Home at last

The next time you light a match to the votive candle in the nicho, dust off the saint in the garden, or stare up at the cobwebs on your high small windows, say a little prayer for the founding fathers—the padres of New Mexico. You may or may not be a practicing Roman Catholic, but if you live in New Mexico, you are probably far more touched by the lives of the early padres than you would ever suspect.

When the first explorers ventured to New Mexico, they were accompanied by a Catholic priest. By the time the moving carts arrived with soldiers and settlers bringing their possessions up from Mexico proper, the priests had already begun laying out their new houses—houses of worship. Simple huts quickly gave way to large ambitious structures made of stone or adobe with huge ceiling beams and glorious corbels and moldings. Massive structures found on the furthest frontier of northern New Spain, these impressive churches, some still standing after almost four centuries, not only served as important community centers of learning, training, and proselytizing but also as the primary locale for the dissemination of European architecture, art, and design on the frontier. The buildings they designed would have done Saint Peter proud, so similar were they to the plain, dignified basilica-style structures of the earliest Christian churches.

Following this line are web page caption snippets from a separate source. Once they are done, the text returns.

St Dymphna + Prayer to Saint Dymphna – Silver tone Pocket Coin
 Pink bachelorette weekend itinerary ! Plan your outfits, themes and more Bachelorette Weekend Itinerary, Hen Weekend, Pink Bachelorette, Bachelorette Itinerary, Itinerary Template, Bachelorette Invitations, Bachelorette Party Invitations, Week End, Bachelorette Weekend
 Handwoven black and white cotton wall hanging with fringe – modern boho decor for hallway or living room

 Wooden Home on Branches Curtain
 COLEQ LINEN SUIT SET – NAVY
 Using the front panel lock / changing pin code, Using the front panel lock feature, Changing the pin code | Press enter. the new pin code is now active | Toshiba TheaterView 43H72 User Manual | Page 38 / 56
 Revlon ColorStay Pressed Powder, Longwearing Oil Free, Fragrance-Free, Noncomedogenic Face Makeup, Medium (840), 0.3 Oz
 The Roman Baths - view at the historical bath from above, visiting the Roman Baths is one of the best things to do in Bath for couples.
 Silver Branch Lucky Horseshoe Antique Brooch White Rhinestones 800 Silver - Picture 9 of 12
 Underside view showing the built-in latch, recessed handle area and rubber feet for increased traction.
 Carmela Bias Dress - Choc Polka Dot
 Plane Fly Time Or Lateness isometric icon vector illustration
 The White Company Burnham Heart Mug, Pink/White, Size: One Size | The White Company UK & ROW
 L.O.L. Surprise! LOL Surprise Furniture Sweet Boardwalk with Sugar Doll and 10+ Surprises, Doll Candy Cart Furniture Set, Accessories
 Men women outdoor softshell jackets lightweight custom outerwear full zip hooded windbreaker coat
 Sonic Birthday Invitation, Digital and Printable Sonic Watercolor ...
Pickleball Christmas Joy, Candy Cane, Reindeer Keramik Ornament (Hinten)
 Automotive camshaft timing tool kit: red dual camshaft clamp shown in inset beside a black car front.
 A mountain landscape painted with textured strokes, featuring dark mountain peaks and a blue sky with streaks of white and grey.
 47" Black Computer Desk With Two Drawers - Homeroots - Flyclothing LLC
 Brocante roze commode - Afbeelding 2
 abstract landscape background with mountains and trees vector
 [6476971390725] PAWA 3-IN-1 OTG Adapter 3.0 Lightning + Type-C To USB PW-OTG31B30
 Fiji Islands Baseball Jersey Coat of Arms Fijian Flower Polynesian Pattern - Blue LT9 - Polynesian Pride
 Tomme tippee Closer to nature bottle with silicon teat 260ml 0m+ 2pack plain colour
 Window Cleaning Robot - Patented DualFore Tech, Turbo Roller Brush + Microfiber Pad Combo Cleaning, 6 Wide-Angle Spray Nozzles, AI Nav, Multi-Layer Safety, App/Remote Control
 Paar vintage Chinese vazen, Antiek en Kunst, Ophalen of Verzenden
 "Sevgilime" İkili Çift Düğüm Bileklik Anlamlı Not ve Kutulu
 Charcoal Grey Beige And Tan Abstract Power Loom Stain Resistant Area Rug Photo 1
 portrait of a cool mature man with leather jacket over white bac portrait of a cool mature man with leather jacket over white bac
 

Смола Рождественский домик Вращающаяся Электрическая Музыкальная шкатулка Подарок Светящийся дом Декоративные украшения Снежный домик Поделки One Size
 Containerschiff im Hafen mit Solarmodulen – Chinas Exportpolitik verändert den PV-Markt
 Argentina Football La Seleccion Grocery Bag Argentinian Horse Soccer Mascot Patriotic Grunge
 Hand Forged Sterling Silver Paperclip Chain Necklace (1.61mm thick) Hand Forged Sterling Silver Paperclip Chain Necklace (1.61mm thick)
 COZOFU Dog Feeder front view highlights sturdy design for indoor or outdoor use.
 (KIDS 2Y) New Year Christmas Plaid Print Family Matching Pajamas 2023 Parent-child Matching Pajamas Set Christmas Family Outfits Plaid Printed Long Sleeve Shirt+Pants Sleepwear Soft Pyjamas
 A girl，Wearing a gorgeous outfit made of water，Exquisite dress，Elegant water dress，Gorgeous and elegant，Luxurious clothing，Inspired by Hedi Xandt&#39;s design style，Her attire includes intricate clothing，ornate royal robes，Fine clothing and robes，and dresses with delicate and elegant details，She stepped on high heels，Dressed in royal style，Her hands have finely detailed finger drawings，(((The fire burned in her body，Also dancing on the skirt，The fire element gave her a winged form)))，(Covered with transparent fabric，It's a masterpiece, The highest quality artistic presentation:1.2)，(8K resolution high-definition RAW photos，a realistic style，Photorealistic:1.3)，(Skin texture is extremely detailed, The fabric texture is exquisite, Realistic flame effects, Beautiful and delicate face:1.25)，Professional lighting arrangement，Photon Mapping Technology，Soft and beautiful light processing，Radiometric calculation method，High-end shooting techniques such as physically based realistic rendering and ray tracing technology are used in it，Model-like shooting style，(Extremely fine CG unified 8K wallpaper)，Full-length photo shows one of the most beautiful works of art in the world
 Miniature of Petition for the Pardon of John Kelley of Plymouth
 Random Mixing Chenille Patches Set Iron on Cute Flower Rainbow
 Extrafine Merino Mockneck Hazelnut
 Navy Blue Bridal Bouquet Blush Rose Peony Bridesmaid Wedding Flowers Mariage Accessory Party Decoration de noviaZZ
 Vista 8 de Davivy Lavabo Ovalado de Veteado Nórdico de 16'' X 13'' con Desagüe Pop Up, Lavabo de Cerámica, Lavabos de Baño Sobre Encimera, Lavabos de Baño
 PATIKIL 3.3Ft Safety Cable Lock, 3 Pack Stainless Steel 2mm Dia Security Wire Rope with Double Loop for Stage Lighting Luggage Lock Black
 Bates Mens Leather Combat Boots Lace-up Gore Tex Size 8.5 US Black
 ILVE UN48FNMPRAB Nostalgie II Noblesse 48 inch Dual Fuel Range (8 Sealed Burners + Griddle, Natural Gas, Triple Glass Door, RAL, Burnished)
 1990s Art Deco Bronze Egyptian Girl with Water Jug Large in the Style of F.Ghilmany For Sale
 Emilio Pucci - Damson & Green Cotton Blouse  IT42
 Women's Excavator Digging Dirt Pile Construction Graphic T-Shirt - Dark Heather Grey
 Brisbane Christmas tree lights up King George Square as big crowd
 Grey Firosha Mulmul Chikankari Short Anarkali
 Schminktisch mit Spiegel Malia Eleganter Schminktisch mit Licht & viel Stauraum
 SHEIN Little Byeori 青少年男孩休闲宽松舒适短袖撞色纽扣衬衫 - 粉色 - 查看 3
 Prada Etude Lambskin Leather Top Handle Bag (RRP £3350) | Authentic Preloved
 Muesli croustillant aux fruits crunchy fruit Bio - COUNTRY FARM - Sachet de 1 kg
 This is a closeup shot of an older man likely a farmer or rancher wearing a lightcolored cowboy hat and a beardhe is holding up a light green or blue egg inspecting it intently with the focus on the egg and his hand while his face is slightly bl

These early missionaries were sent out into the so-called wilderness loaded with something far more precious than the silver and gold monstrance they might have carried. They arrived as semitrained architects, builders, musicians, carvers, and painters. Large monasteries in Mexico were established as training centers for priests. Like the university of today, the monastery was the training ground for the young and ambitious, in this case sons of both the conquistadors and the scions of the former ruling natives, as well as Europeans seeking to make their way in the New World. With a direct mandate from the Old World, they set out to change the New World—and they did.